The Consumer Financial Protection Bureau is creating a task force to examine federal consumer finance laws. It's looking for gaps and loopholes that cause harm to consumers and areas of complexity that could be smoothed out for lenders.
The auto finance community believes the task force signals a positive change in the bureau — a willingness to learn and understand rather than lead with enforcement.
On Oct. 11, the bureau announced plans to solicit assistance from a team of seven consumer protection experts knowledgeable in financial services. The team -- one chair and six members -- is to recommend "ways to improve and strengthen consumer financial laws and regulations," according to the CFPB.
The task force, which will report directly to Kathleen Kraninger, CFPB director, is also seeking ways to harmonize laws surrounding consumer finance.
Michael Buckingham, senior director of automotive finance at J.D. Power and Associates, says the bureau has been inconsistent when it comes to auto finance. Around 2015, the CFPB, then led by Richard Cordray, said that dealerships' discretion to vary the amount of dealer reserve — the retail margin that dealerships earn for arranging a car loan — resulted in minorities being charged higher interest rates for auto loans than nonminority borrowers with similar credit, even if no discrimination was intended.

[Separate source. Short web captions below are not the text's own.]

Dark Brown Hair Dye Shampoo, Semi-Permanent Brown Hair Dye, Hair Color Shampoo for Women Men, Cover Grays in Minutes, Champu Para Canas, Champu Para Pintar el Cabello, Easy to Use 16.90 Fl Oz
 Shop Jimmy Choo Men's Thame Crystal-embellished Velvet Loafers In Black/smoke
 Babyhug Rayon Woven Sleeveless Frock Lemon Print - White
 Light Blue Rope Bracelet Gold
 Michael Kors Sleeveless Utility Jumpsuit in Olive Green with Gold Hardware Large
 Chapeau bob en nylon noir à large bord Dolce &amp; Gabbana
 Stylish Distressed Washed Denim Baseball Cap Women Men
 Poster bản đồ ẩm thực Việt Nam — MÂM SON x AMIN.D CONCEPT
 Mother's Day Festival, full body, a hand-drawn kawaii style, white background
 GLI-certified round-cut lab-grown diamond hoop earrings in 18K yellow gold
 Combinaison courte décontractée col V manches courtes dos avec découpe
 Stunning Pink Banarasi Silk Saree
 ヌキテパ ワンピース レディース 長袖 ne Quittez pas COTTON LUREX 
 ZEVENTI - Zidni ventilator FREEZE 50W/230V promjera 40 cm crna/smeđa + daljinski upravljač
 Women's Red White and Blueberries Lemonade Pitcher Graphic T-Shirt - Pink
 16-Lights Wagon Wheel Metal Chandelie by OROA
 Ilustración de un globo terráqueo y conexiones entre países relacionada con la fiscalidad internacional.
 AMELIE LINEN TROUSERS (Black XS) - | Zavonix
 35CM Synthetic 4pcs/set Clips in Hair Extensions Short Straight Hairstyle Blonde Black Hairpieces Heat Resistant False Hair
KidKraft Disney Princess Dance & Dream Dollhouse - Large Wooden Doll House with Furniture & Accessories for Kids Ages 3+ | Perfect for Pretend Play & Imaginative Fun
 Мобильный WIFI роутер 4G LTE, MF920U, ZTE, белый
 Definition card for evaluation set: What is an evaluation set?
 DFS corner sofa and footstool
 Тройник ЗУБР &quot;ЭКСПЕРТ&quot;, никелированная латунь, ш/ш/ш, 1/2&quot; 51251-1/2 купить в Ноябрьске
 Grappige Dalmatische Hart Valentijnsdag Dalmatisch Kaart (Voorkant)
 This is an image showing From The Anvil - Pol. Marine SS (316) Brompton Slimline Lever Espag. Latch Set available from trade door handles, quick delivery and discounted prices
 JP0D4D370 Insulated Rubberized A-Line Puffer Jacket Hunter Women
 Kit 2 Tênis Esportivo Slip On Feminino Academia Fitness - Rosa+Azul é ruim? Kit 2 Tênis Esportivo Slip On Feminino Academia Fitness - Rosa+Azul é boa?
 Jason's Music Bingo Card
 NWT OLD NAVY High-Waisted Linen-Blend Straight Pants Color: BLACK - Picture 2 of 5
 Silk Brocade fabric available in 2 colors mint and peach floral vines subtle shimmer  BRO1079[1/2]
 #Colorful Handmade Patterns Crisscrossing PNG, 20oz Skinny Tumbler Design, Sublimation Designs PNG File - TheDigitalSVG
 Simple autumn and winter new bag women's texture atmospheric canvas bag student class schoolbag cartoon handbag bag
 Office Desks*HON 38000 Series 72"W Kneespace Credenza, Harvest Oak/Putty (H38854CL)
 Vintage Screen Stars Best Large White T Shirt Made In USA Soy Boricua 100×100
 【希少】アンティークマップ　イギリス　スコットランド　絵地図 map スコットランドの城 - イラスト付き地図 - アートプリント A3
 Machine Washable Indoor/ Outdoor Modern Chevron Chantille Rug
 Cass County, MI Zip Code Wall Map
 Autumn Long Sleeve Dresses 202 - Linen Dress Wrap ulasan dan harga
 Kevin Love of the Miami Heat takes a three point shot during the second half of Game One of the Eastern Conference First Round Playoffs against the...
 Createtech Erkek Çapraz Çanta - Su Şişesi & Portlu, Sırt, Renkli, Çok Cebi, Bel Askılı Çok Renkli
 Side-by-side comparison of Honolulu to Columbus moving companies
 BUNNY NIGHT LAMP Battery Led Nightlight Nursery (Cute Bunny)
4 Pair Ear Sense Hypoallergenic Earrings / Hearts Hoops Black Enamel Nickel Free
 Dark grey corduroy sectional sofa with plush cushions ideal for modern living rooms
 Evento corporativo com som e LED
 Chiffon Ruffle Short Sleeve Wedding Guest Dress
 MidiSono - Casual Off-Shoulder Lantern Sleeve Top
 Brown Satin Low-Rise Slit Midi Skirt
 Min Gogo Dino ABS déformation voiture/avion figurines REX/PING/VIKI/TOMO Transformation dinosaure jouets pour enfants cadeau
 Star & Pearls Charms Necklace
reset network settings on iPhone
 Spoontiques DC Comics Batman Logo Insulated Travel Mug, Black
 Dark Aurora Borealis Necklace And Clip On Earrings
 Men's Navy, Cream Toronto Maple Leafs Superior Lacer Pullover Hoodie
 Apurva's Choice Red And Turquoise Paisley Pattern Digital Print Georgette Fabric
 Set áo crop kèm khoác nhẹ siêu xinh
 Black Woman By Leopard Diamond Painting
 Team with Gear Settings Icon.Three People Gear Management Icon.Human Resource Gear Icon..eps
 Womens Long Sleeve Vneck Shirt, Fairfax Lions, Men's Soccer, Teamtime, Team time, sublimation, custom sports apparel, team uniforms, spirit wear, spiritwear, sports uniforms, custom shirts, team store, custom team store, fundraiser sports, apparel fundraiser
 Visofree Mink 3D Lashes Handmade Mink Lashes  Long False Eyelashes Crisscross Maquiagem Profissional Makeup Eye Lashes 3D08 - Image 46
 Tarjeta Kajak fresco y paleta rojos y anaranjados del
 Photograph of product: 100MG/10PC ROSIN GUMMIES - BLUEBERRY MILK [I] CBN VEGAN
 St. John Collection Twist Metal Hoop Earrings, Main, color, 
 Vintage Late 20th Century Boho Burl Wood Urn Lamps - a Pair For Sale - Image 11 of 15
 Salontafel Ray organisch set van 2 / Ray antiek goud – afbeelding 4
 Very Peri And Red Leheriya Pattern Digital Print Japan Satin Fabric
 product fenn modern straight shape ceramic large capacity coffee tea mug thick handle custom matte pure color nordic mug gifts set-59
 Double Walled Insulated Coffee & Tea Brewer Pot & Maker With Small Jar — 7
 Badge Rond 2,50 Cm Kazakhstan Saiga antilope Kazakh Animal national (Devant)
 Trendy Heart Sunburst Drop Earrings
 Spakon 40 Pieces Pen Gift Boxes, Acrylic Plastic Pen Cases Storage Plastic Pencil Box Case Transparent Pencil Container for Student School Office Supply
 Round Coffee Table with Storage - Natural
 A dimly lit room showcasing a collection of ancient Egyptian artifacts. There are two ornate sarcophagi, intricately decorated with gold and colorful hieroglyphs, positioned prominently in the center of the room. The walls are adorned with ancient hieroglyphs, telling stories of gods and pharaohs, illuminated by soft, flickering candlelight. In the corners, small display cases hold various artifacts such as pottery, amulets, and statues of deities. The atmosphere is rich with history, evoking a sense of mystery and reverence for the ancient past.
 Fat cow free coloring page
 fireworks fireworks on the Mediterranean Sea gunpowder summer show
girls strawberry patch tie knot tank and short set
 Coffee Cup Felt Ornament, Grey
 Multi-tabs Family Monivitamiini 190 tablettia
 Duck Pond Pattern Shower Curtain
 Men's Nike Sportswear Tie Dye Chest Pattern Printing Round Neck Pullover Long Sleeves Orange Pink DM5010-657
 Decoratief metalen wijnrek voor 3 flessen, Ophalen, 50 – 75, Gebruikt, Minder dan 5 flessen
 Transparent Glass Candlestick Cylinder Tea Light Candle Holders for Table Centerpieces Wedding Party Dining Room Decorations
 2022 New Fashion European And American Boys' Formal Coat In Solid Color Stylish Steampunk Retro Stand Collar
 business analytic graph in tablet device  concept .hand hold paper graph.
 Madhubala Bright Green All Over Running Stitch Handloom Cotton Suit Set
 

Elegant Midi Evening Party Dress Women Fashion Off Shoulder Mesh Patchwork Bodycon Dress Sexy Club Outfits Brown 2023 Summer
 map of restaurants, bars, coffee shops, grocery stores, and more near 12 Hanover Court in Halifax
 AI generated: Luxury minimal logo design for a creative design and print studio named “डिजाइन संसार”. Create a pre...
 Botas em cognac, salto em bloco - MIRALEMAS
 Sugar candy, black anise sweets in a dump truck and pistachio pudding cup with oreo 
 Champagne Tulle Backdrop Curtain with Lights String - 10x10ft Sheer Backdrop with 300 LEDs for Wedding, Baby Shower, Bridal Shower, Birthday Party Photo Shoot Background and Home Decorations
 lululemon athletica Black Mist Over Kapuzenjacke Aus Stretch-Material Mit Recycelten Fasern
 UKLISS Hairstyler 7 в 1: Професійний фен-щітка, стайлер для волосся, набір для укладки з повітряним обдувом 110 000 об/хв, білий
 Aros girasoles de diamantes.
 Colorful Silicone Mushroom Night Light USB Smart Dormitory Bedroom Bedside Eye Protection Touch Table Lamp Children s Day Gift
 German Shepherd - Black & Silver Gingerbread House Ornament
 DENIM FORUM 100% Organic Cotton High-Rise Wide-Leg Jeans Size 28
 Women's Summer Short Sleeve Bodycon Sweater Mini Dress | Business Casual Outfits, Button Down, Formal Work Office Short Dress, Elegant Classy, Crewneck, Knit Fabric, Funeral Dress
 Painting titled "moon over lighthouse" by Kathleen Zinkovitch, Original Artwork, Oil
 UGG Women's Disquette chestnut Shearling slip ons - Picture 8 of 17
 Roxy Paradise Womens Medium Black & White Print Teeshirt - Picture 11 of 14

The bureau urged auto lenders to switch to paying dealerships a flat fee to eliminate the risk of discrimination, and entered into a series of consent orders with lenders including Ally Financial Inc., American Honda Finance Corp., Fifth Third Bancorp and Toyota Motor Credit Corp.
"The consent orders were inconsistent," Buckingham said. "Some were required to pay fines and kept the existing markups in place; some had fines but had different rules on rate markups. When you have inconsistencies like that, it's very concerning to the lending community."
If there's any financial services area that deserves a rethink, it's auto finance. Creating a task force is a positive step in ensuring consumers are treated fairly in their financial transactions without stifling the lenders that make those transactions happen.